REKLAMA
KrajSilesia Flesz najnowsze informacje

Zbiornik Nakło-Chechło ponownie zarasta. Wywłócznik kłosowy zadomowił się w zbiorniku

Zbiornik Nakło-Chechło ponownie zarasta. Wywłócznik kłosowy już na stałe zadomowił się w popularnym zbiorniku. Przeszkadza nie tylko ze względów estetycznych.

 

To jest problem, bo to się zawija na ster i na miecz. To jest sztuka pływać niesamowita. Trzeba podnosić. Nie wiadomo, czy ten zalew jeszcze będzie istniał. Jeżeli tak to wszystko będzie zarastało, to będzie problem – mówi Janusz Jaworski, mieszkaniec Tarnowskich Gór.

W tym roku koszenie wywłócznika kłosowego już się rozpoczęło, ale ze względu na wysoki poziom wody zostało ono przerwane. Niektórzy uważają, że to niewiele pomoże.

– Z tego wynika, ze to niezbyt dobrze funkcjonuje, bo jeżeliby raz wycieli i tego by nie było, to byłby spokój. Ale to trzeba prawdopodobnie w każdym sezonie to robić – mówi Krzysztof, mieszkaniec Nakła.

Powiązane artykuły

To kosztowna inwestycja dla małej gminy, która ten teren dzierżawi od Skarbu Państwa. Jednak, żeby zalew nadal mógł być atrakcją, trzeba to robić.
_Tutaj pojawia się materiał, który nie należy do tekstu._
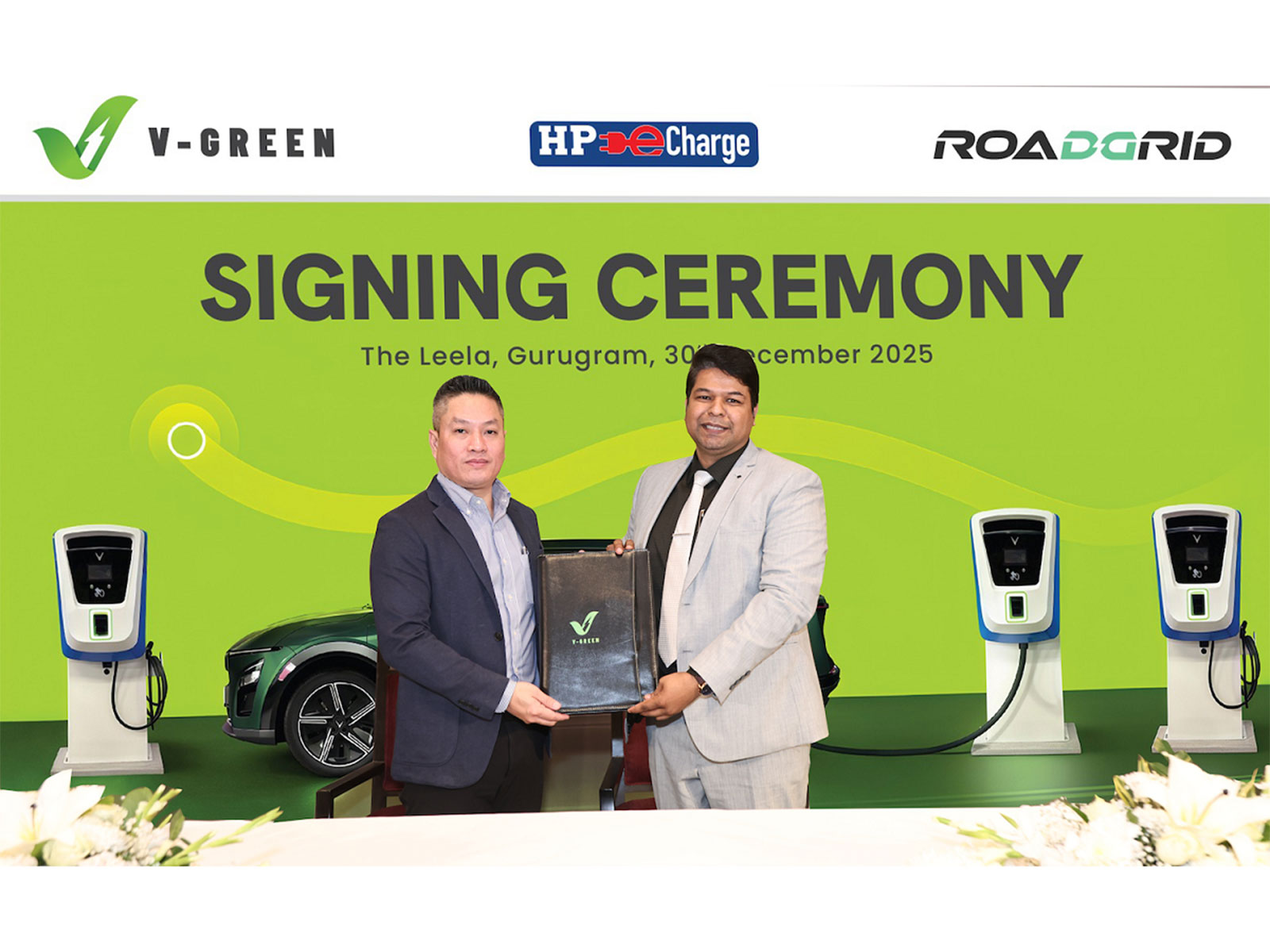 V-GREEN and Roadgrid India Announce Strategic Collaboration to Expand Fast Electric Vehicle Charging Infrastructure Across India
– To jest tak, jak w ogródku. Trawa cały czas rośnie i trzeba ją regularnie kosić, żeby trawnik był dobry, zadbany i żeby było miło. Po to to koszenie jest, tych 40 hektarów – bo tyle mamy założone, że firma, którą wyłoniliśmy za kwotę niespełna 160 tys. zł brutto, wykona to koszenie – żeby zalew Nakło Chechło mógł być użytkowany – Marek Cyl, wójt gminy Świerklaniec.
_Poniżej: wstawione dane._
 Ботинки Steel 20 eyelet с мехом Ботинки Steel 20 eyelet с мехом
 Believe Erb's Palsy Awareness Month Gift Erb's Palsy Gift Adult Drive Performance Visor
Tej rośliny z całego zbiornika nie uda się pozbyć, ale można ograniczyć jej występowanie. Tak, żeby było również bezpiecznie dla pływających i korzystających z wodnych atrakcji. Okazuje, że obecność wywłócznika to tzw. mniejsze zło. Dzięki niemu nadal można się tu kąpać.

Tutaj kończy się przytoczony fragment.